Recorded data:
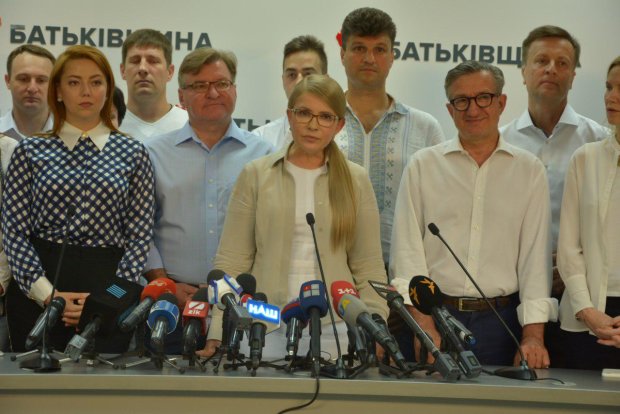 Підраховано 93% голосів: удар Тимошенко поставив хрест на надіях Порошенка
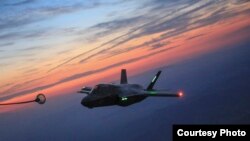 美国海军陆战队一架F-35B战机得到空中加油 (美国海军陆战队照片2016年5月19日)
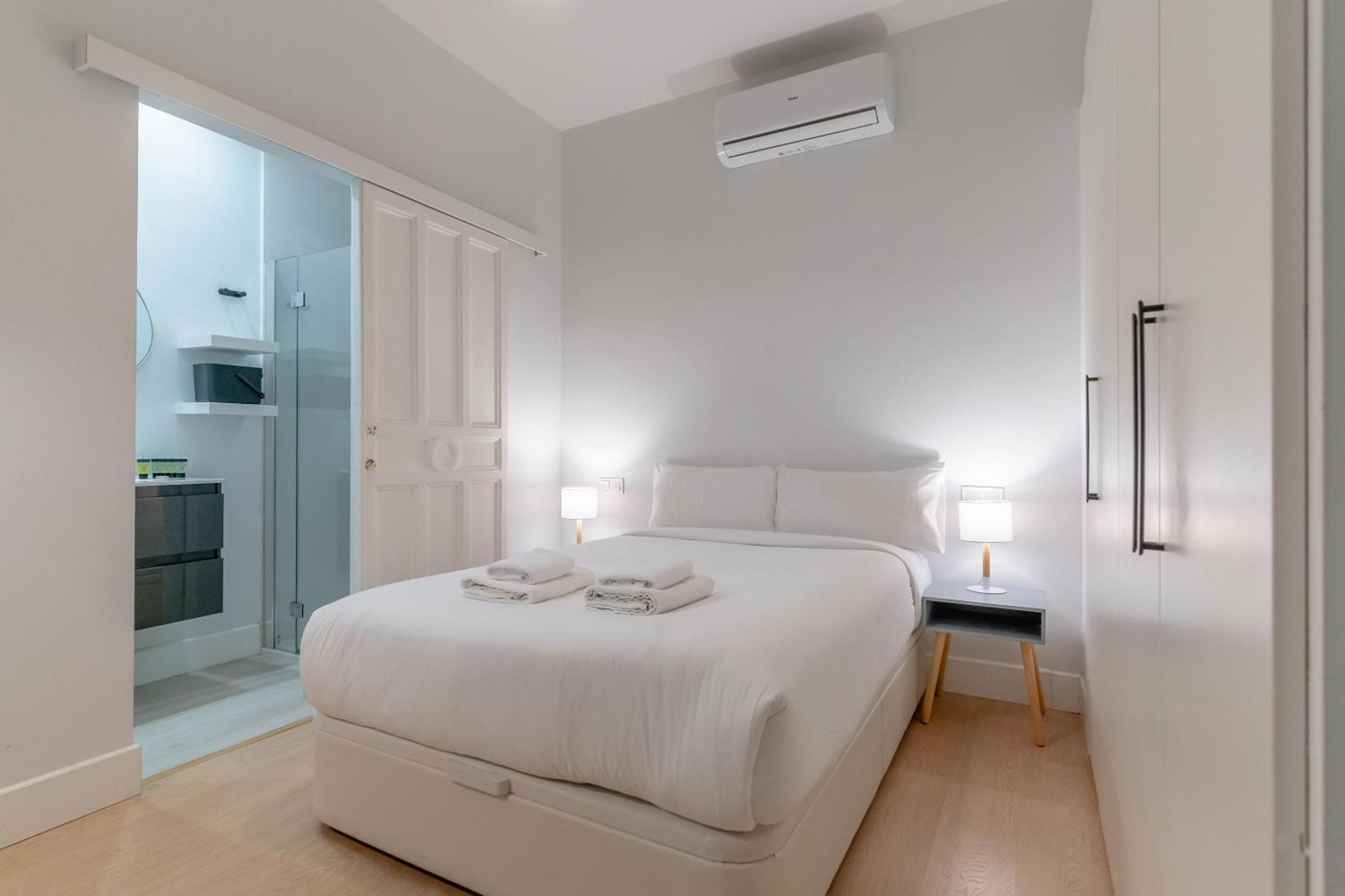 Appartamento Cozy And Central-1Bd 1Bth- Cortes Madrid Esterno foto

Exercise brief:
The listing above is to be set down word for word, without its images.

Task output:
 Підраховано 93% голосів: удар Тимошенко поставив хрест на надіях Порошенка
 美国海军陆战队一架F-35B战机得到空中加油 (美国海军陆战队照片2016年5月19日)
 Appartamento Cozy And Central-1Bd 1Bth- Cortes Madrid Esterno foto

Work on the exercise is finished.